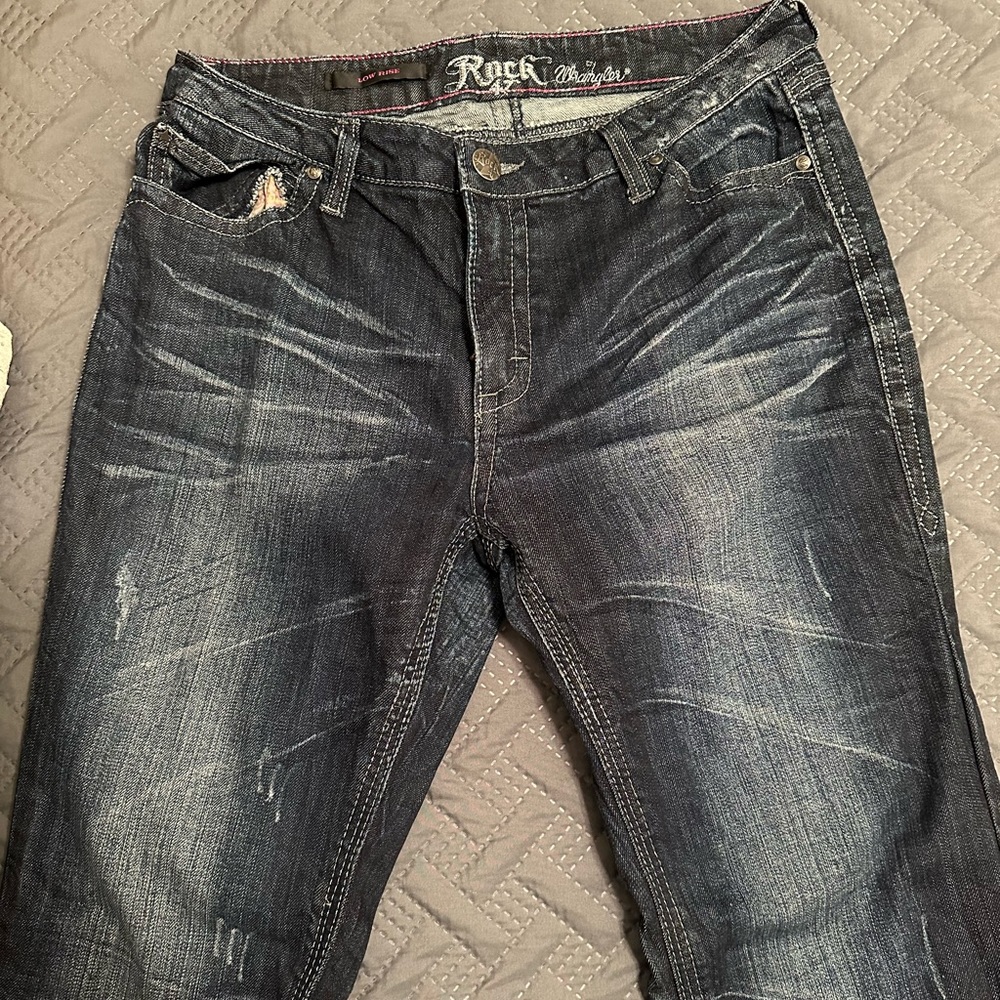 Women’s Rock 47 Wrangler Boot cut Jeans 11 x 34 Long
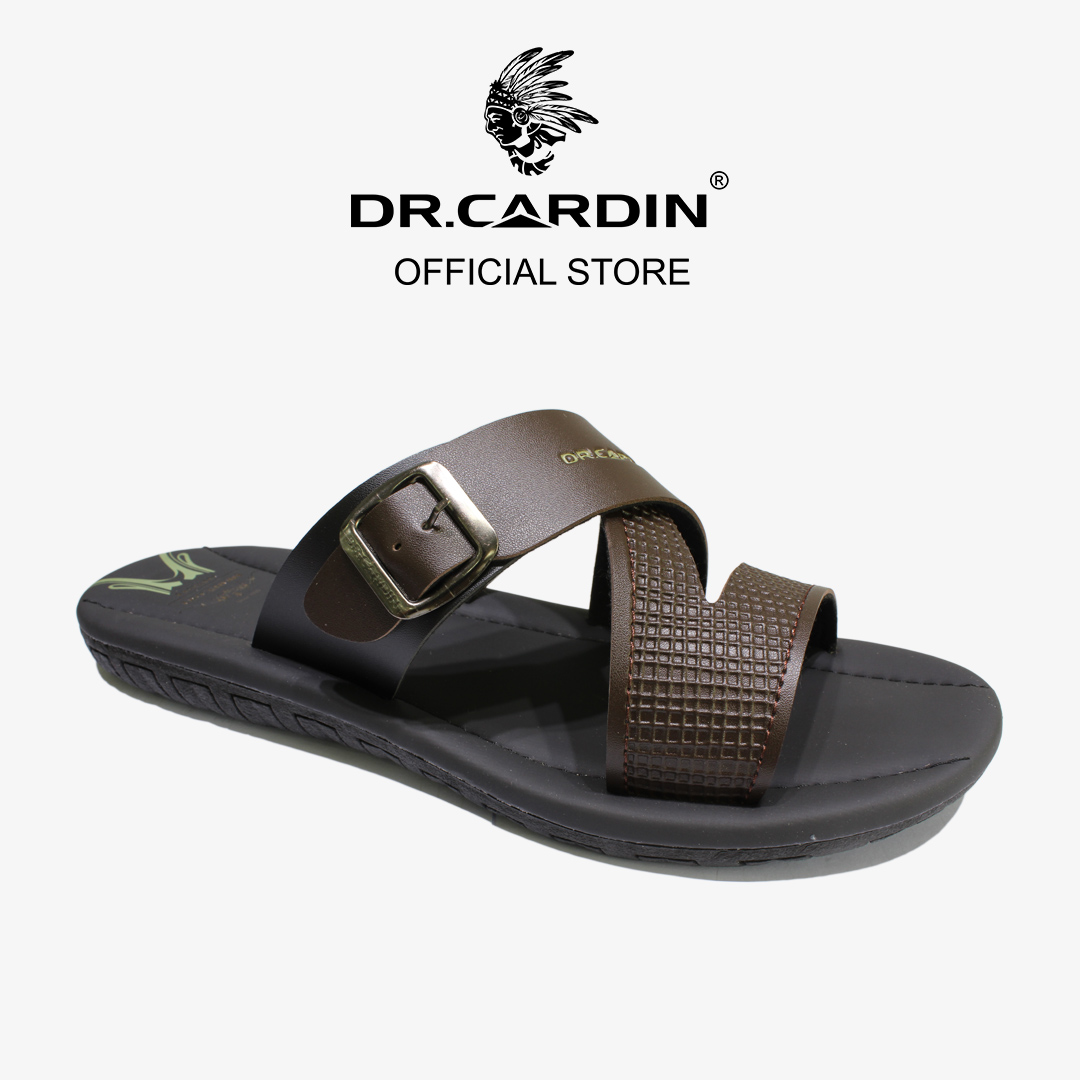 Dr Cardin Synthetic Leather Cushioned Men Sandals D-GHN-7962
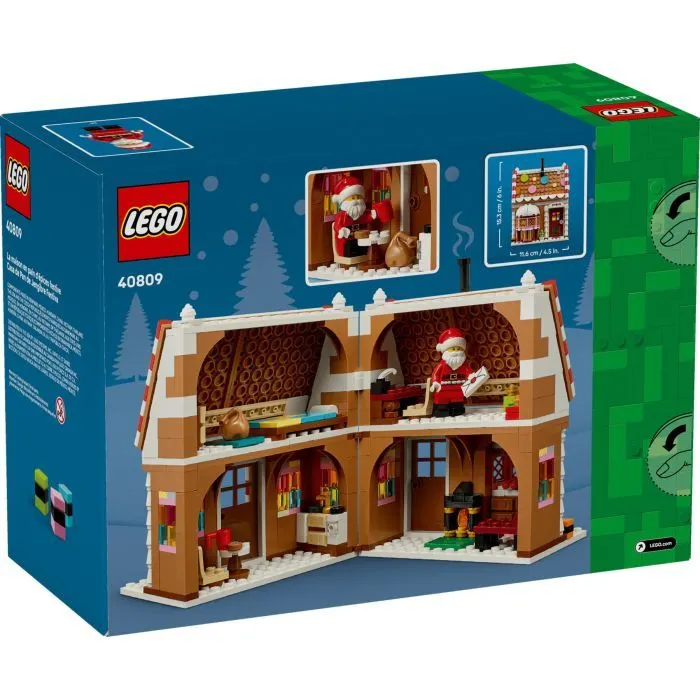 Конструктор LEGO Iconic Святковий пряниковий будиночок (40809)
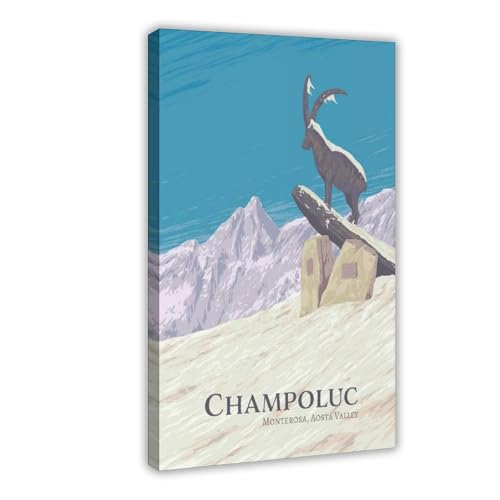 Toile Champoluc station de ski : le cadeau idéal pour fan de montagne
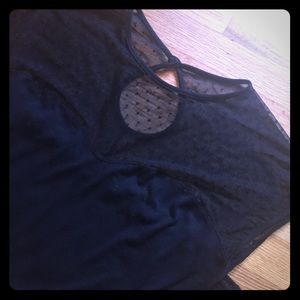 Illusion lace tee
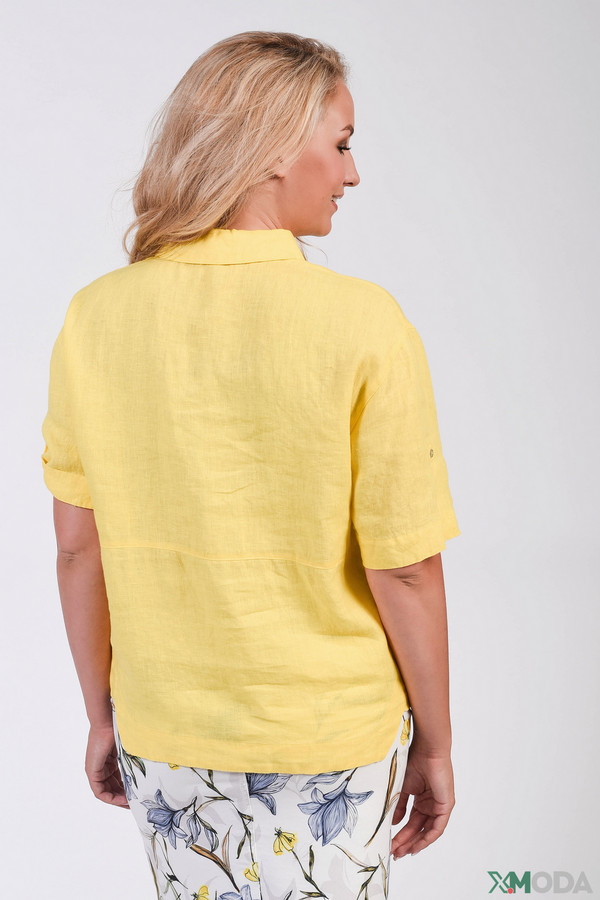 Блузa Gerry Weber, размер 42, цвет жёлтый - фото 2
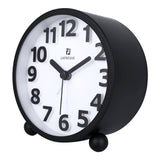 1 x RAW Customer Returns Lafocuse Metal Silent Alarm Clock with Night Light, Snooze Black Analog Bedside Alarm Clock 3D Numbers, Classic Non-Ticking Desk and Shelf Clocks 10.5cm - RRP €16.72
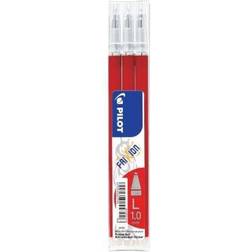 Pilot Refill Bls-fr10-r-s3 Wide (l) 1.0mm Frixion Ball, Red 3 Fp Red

****************

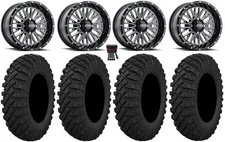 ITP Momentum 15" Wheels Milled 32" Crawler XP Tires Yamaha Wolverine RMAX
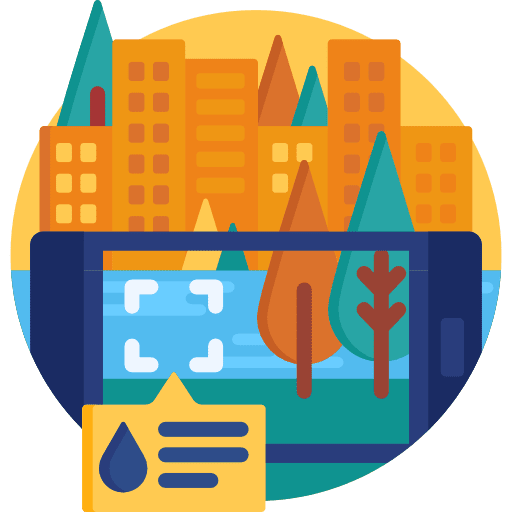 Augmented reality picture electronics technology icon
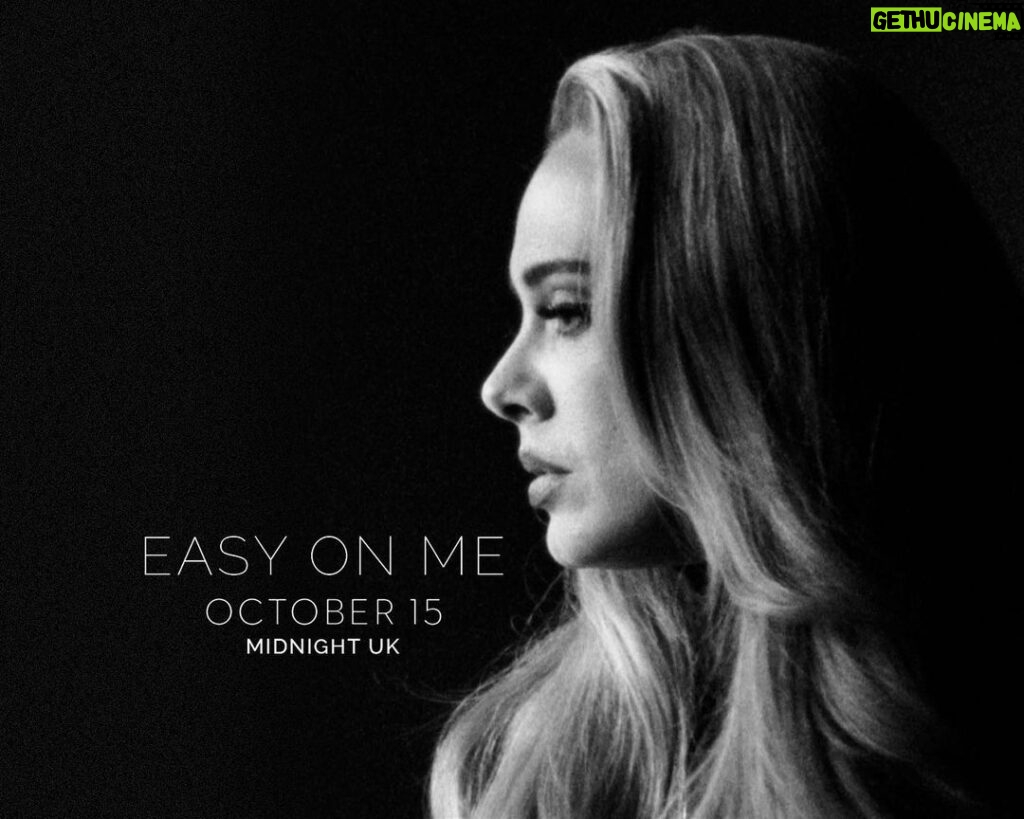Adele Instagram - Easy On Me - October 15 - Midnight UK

****************

**What is required**
I would like the exact lines from the data above, starting with the one that holds "1 x RAW Customer" and going on through the one that holds "Pilot Refill Bls-fr10-r-s3", without the pictures.

**Answer space**
 1 x RAW Customer Returns Lafocuse Metal Silent Alarm Clock with Night Light, Snooze Black Analog Bedside Alarm Clock 3D Numbers, Classic Non-Ticking Desk and Shelf Clocks 10.5cm - RRP €16.72
 Pilot Refill Bls-fr10-r-s3 Wide (l) 1.0mm Frixion Ball, Red 3 Fp Red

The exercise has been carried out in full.